You really have two questions in one, here;
What do these two regular expressions do?
/<(.*?)>.*?</\1>/
A dot, '.', is an atom that matches any character. The asterisk after it means "match the previous atom as many times as possible." The combination is referred to as "greedy" as the dot matches anything and the '*' says - "just keep going" and so, without any other constraint or anchor, the combination 'eats' or matches the rest of the string. The question mark changes this behaviour from "greedy" to "stingy" - it will try to match as little as possible.
The round brackets - or parentheses - don't stipulate what to match - they are there to indicate that you want to "capture" whatever does match to a special variable called "$1" for the first pair of brackets, "$2" for the second and so on.
So this, - <(.*?)>
means, match an open angle bracket (or "less than"), then match anything (but take up as little as possible) and then match a closing angle (or "greater than").

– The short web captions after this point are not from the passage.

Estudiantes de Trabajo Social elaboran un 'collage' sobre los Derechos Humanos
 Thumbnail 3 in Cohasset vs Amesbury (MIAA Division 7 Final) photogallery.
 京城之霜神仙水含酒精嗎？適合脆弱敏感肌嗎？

The round brackets stipulate nothing about what to match - they just mean "Put whatever text is between the angle brackets into $1."
The \1
in the last part, <\/\1>
, is what's called a back reference - it means "whatever you captured in the first set of round brackets I want to match again right here". The \/
before it is an escaped forward slash - so what we are looking for here is a "tag" (text surrounded by angle brackets), some text and then a matching "closing tag" - ie the same text in angle brackets with a '/' out the front.
/<(.*?)>.*</\1>/
This does almost the same thing except it tries to take as much text as possible between the opening and closing tags.
my $a = '"helllo"++"world"';
...
print "b $1\n" if $a =~/(".*?")/; # "helllo"
...
print "d $1\n" if $a =~/(.*?)/;
why does d show nothing, and b is "helllo" not ""?
With (b), you are saying "I insist on a double quote (") at the start, then any text, and then I insist again on a closing double quote (")". Now, if you look at the text in $a, you can see all of the following start and end with a (") with some text inbetween;
"helllo"
"helllo"++"
"helllo"++"world"
Here's the main point - .*?
(stingy) means "I want the smallest one" - ie in this case the first, whereas, .*
(no '?' - greedy) means "I want the longest one" - ie in this case, the last.
With (d), there are no angle brackets or double quote characters that you stipulate at the start or end of the string - you are simply saying "match anything, (.*) but take as little as possible". So, the RE gave you nothing at all as that certainly is the smallest match that satisfies the criteria (ie no criteria! :-)